> [Problem]: Beginning with the line that has "25486 Ridge Road, East Rochester, OH 44625" and ending with the line that has "Building Photo - 326 Draper Cir", retype the entries below exactly, except for the pictures.

═════ Data provided ═════

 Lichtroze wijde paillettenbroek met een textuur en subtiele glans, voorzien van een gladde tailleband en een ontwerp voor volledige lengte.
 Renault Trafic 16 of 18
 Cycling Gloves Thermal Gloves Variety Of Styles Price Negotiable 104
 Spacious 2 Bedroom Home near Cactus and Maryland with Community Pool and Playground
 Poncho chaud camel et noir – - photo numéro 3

═════
═════ Data provided ═════

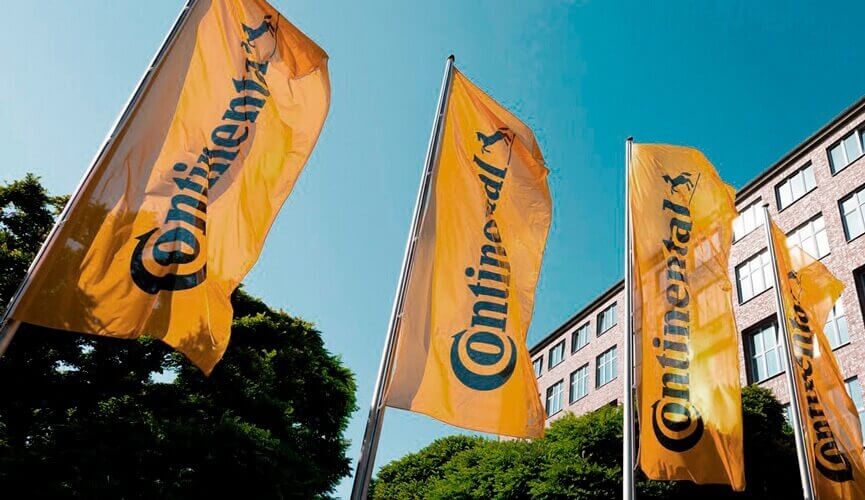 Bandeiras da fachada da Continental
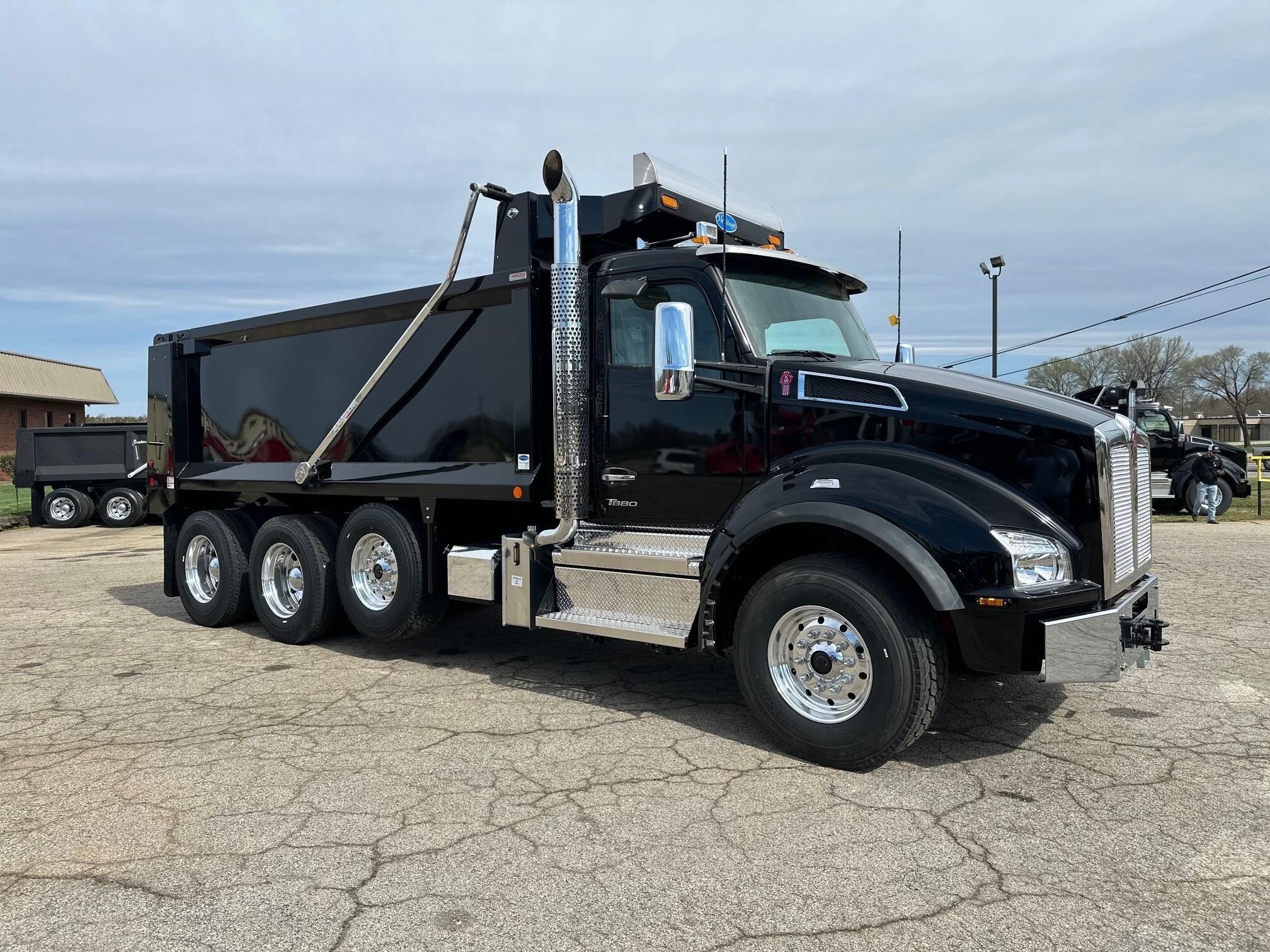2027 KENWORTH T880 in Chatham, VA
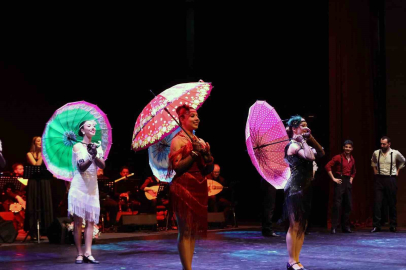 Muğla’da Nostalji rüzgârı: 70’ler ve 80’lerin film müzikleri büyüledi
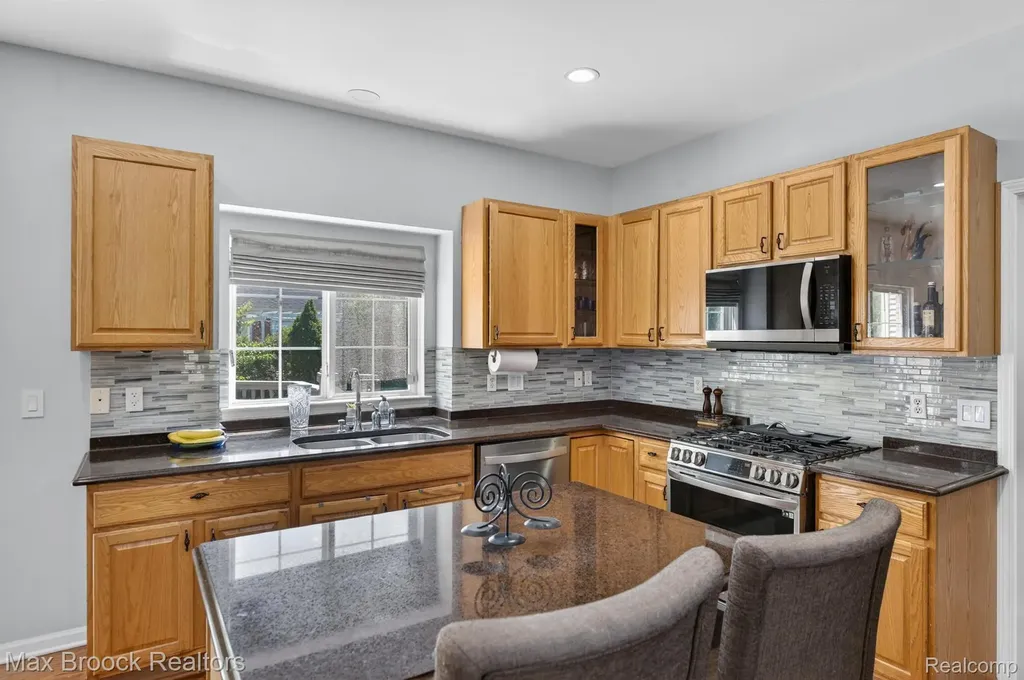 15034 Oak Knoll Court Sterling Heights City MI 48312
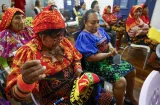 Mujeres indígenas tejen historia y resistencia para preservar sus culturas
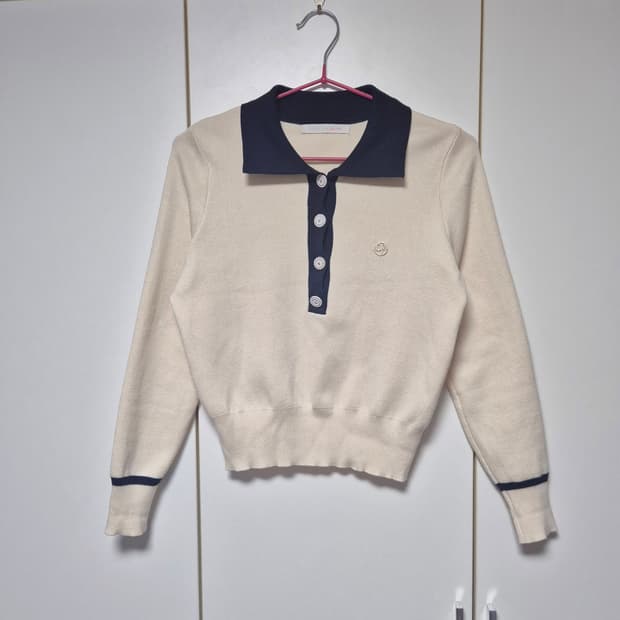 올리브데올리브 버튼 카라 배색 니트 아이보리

═════
═════ Data provided ═════

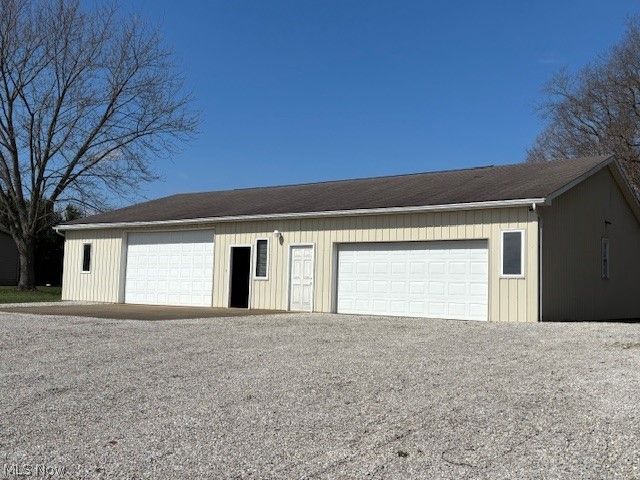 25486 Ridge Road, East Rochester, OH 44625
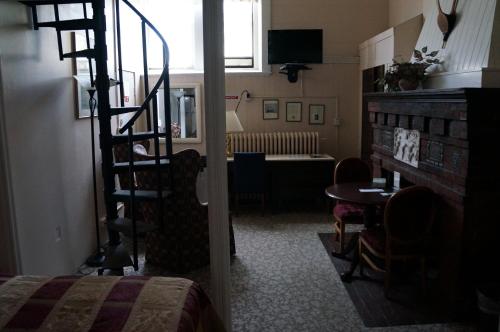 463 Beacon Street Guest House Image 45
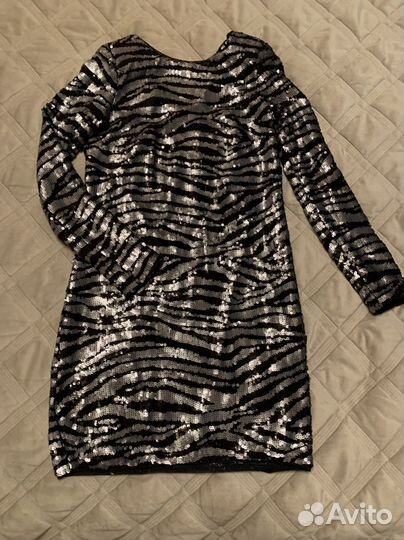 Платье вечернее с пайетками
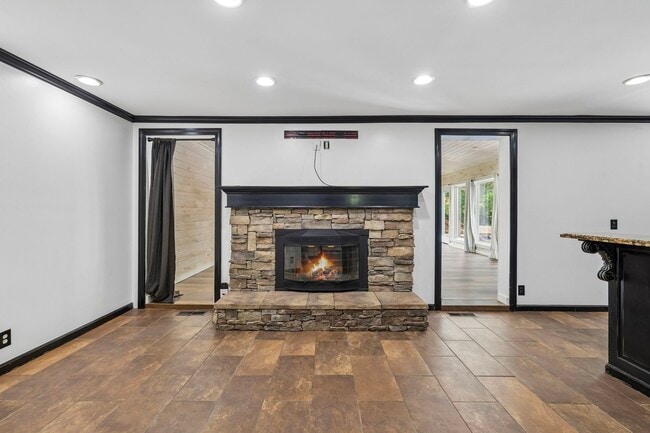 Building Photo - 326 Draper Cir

═════

> [Response]:
 25486 Ridge Road, East Rochester, OH 44625
 463 Beacon Street Guest House Image 45
 Платье вечернее с пайетками
 Building Photo - 326 Draper Cir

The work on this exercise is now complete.